But that's where the similarities between the two films ends. While Robert DeNiro and his crew in "Heat" are intelligent, coiled professionals.... ready to drop, kill or run with brutal precision at any moment... Max is chasing a rather lump-headed and sullen crew. Living in the junkyard of their boss (who takes most of their money from their random 'scores' of stealing copper wire), its rather clear where their destinies are headed from the get-go. These are not successful, career criminals. What filmmaker Sautet is essentially after is the relationship that develops between Max and Abel's girlfriend, played to perfection by Romy Schneider. The moral complexity that eventually grows between them is the core of the film, and it's a hugely impactful moment that occurs between them in the film's finale.

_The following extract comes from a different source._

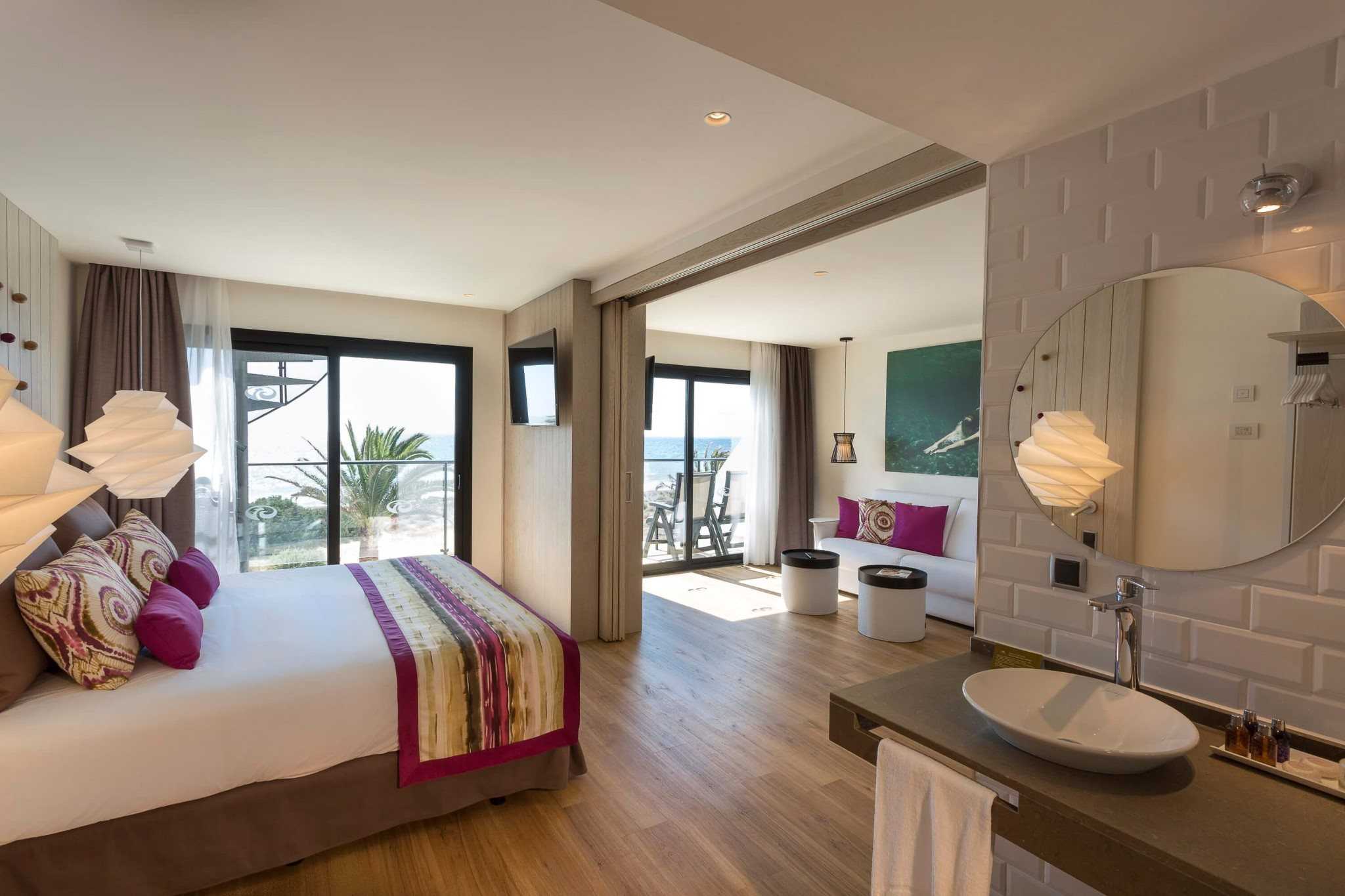 grand-palladium-white-island-master-suite5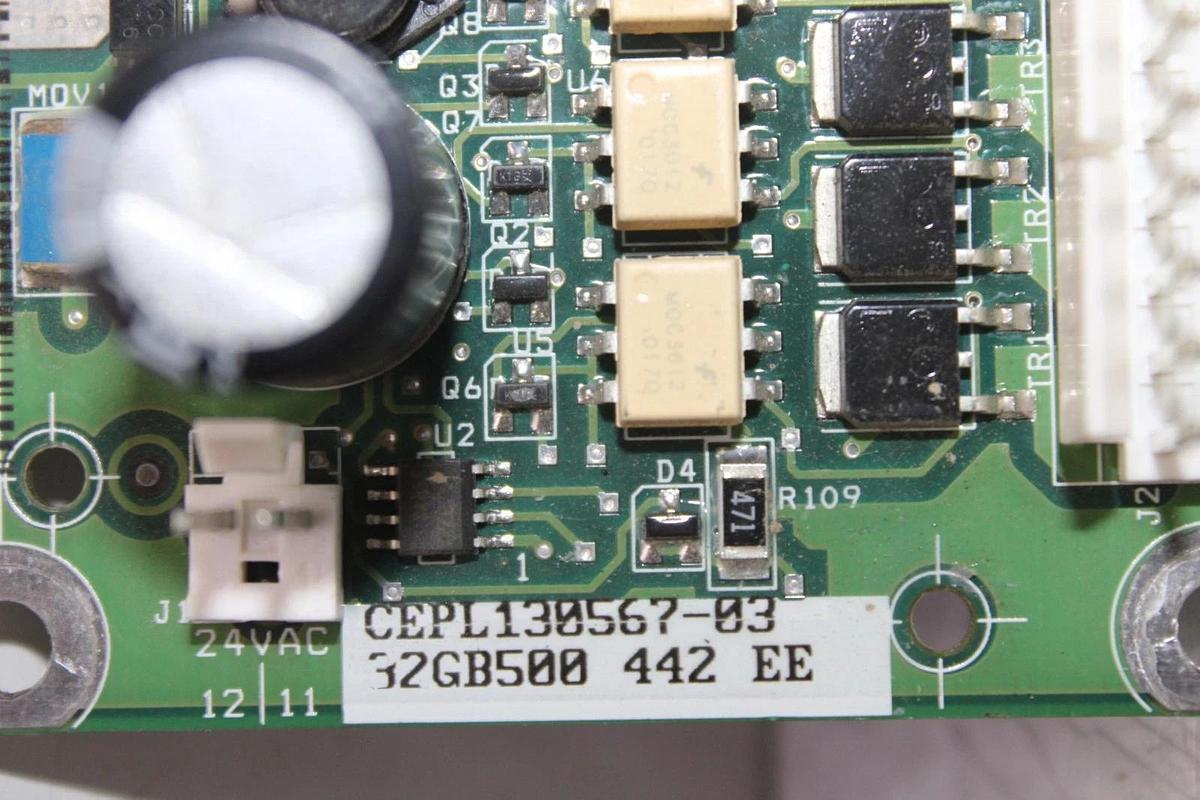 Used CARRIER HVAC CONTROL BOARD CEPL130567-03 32GB500-442-EE CEBD430567-03C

French 'policiers' of the 70's have a distinctive flavor and tone. Either they end up as muscle-bound, illogical sleaze-fests such as some of the latter day Alain Delon films, or they strike the perfect balance of intelligence and pathos. Of course, the gold standard are the films of Jean Pierre Melville. And while Sautet's "Max and the Frenchmen" isn't quite "The Red Circle" or "Un Flic", it is a well crafted and devious procedural that understands truth is in the hushed details of a conversation over car chases and grand shoot outs. It does feature a pretty awesome shoot out at the end, though.